▸ Data provided
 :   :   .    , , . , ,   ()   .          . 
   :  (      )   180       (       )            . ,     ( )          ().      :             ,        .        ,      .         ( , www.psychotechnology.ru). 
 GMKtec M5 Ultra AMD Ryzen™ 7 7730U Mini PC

▸ What this task involves
An unaltered copy of the listing above must form the answer.

▸ Your solution
 :   :   .    , , . , ,   ()   .          . 
   :  (      )   180       (       )            . ,     ( )          ().      :             ,        .        ,      .         ( , www.psychotechnology.ru). 
 GMKtec M5 Ultra AMD Ryzen™ 7 7730U Mini PC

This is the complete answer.